11.McGarry, who declared bankruptcy on November 14, 1997, has submitted a sworn financial statement and other evidence and has asserted his financial inability to pay a civil penalty or disgorgement plus prejudgment interest. The Commission has reviewed the sworn financial statement and other evidence provided by McGarry and has determined that McGarry does not have the financial ability to pay a civil penalty or disgorgement of approximately $134,000, plus prejudgment interest.
On the basis of the foregoing, the Commission deems it appropriate and in the public interest to accept the Offer submitted by McGarry and impose the sanctions specified therein.

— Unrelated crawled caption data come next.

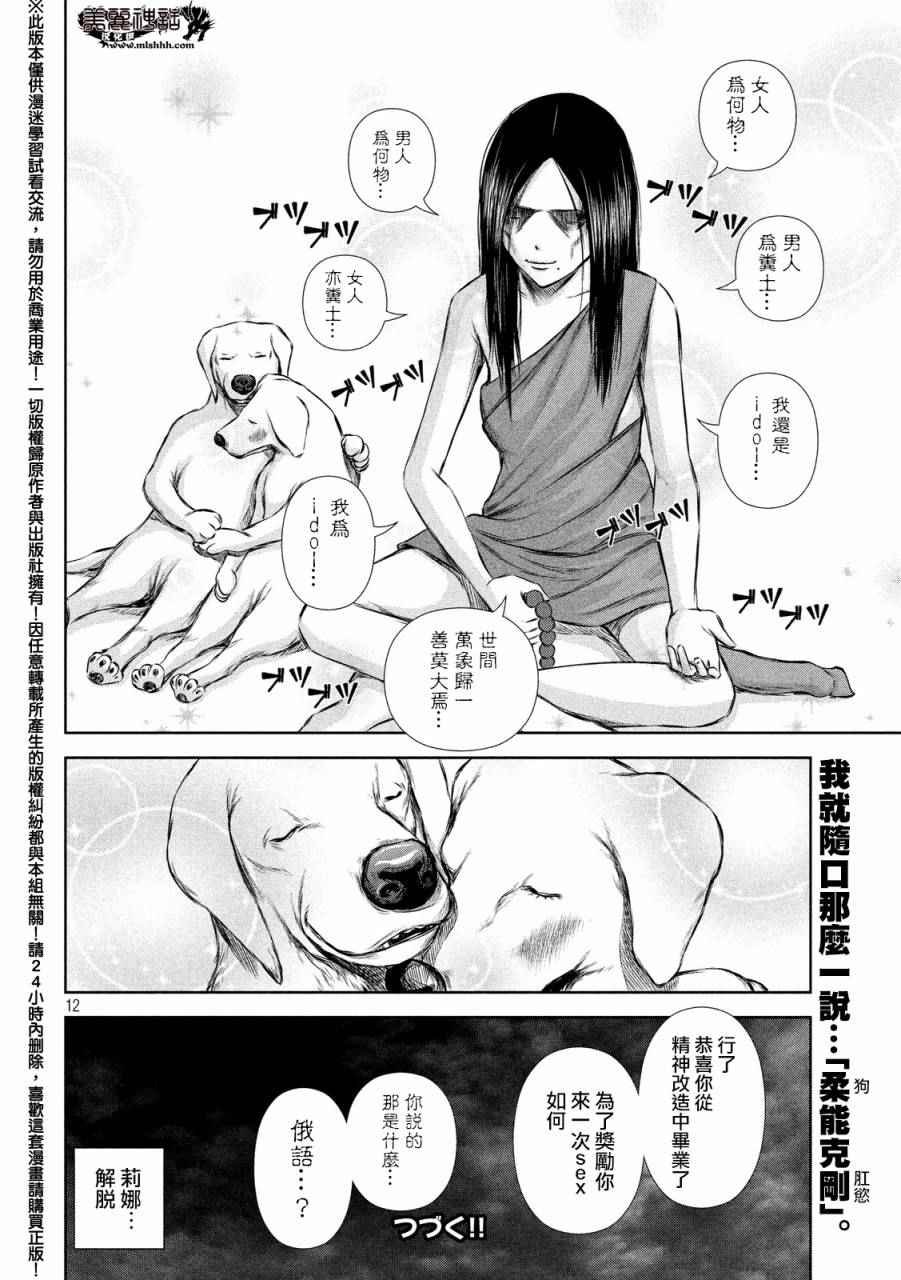 第43话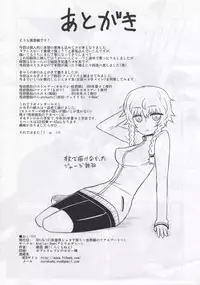 [Atelier:Dew(黒雲鵺)] 性欲飽和のらぶChu☆Chu!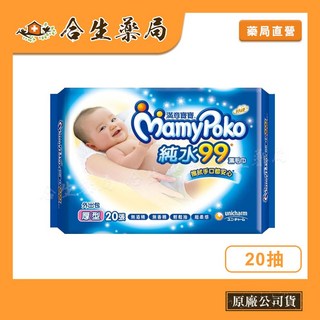 滿意寶寶 純水厚型濕毛巾20張 外出包 厚型濕巾 台灣製造 合生藥局, 1個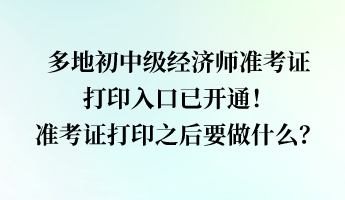 多地经济师准考证打印入口已开通！准考证打印之后要做什么？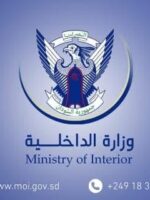مصير مجهول لضابط شرطة سوداني في تشاد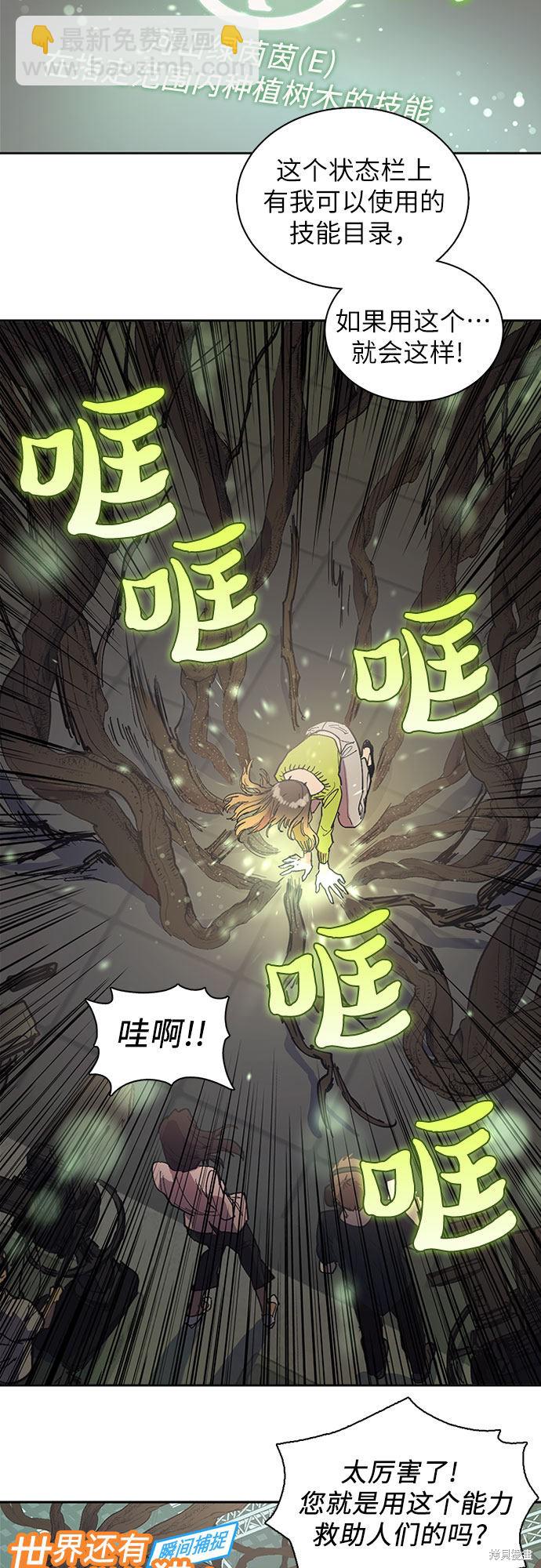 第2话2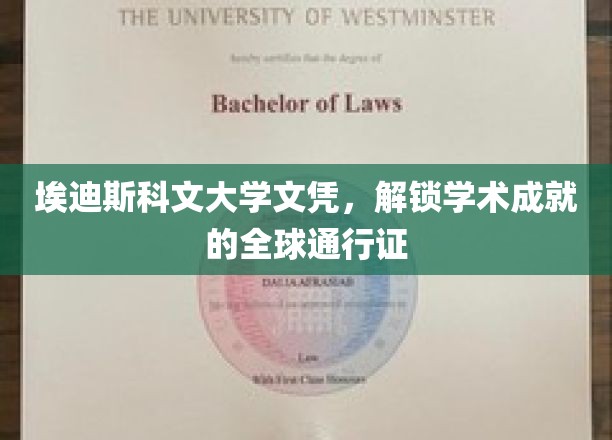 埃迪斯科文大学文凭，开启国际学术之旅的黄金钥匙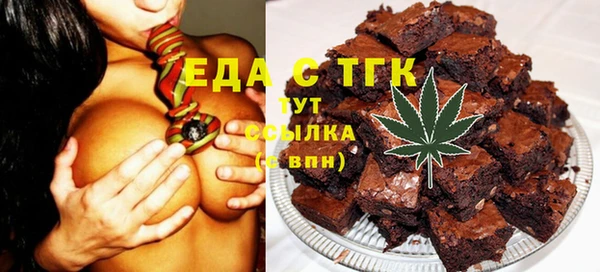 соль курить ск Арсеньев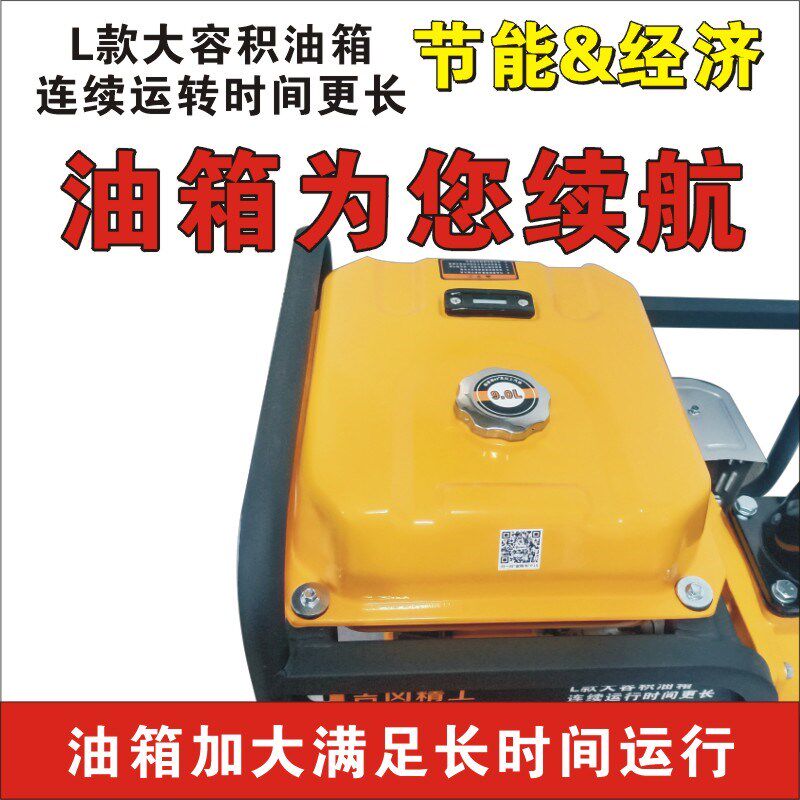 重庆吉冈精工GJ20/30/40-3汽油机水泵自吸泵高压泵震动泵污水泵
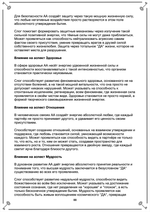 Словарь Мага (электронная книга). Кудесник Добрыня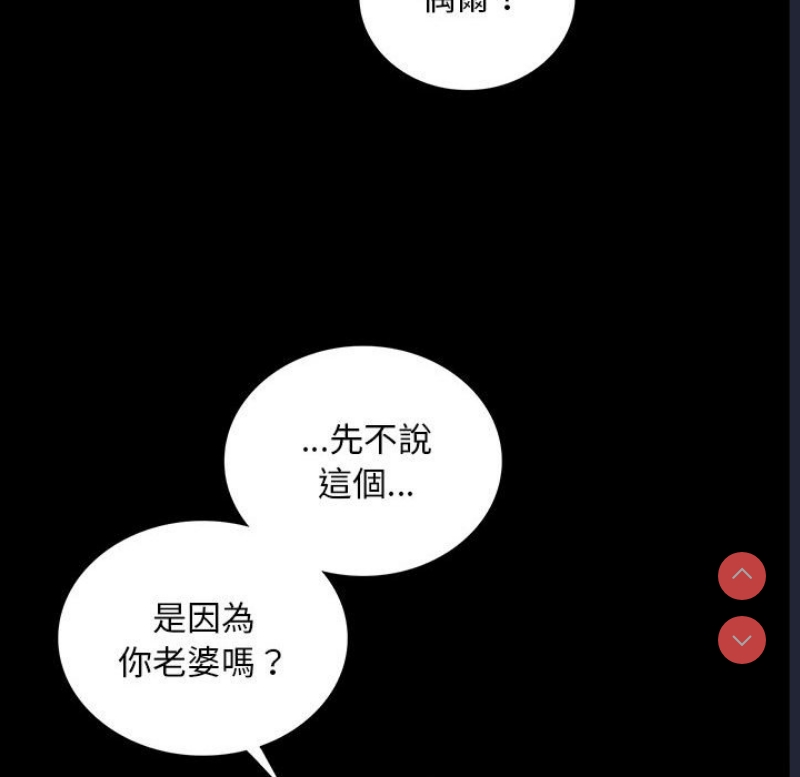背叛的开始 第17话 第135页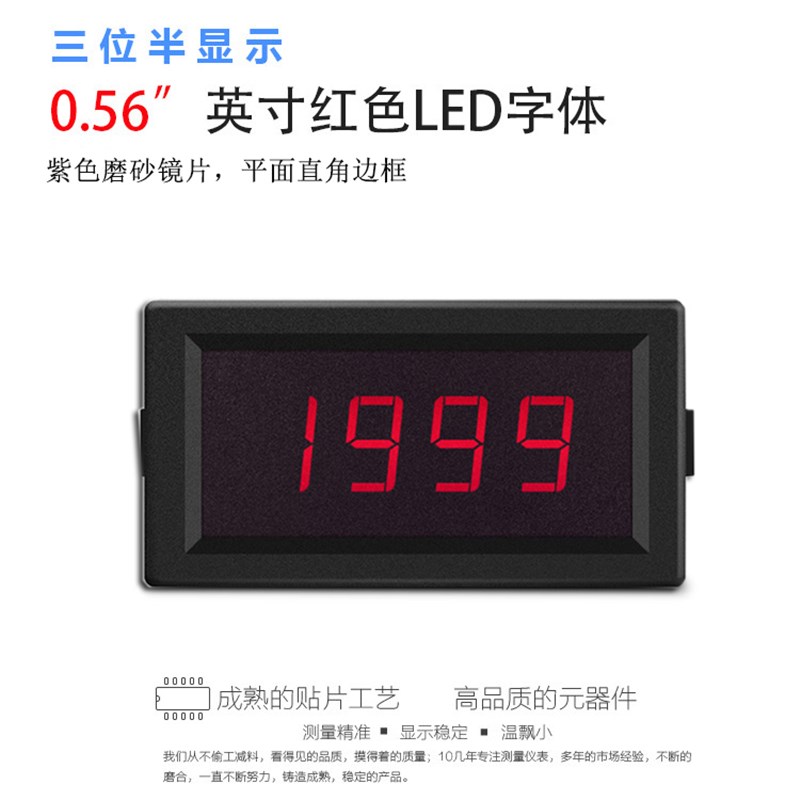 【创索】CS5135三位半直流B电压表电流表 LED数字显示表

IT IS HEREBY ORDERED THAT McGarry be, and hereby is barred from association with any broker or dealer;
IT IS FURTHER ORDERED THAT McGarry shall cease and desist from committing or causing any violation and any future violation of Sections 17(a) of the Securities Act, Sections 10(b), 15(a)(1), 15(c)(1) and 17(a) of the Exchange Act and the Rules 10b-5, 15c1-2, and 17a-3 thereunder;
IT IS FURTHER ORDERED THAT McGarry shall pay disgorgement of $134,000, plus prejudgment interest, but that payment of such amount be waived based upon his demonstrated financial inability to pay; and
IT IS FURTHER ORDERED THAT the Division of Enforcement may, at any time following the entry of this Order, petition the Commission to: (1) reopen this matter to consider whether McGarry provided accurate and complete financial information at the time such representations were made; (2) determine the amount of civil penalty to be imposed against McGarry; and (3) seek any additional remedies against McGarry that the Commission would be authorized to impose in this proceeding if offer of settlement had not been accepted. No other issues shall be considered in connection with this petition other than whether the financial information provided was fraudulent, misleading, inaccurate or incomplete in any material respect, the amount of civil penalties to be imposed and whether additional remedies should be imposed. McGarry may not, by way of defense to such petition, contest the findings in this Order or the Commission's authority to impose any additional remedies that were available in the original proceeding.
By the Commission.
Jonathan G. Katz
|The findings herein are made pursuant to McGarry's Offer and are not binding on any other person or entity in this or any other proceeding.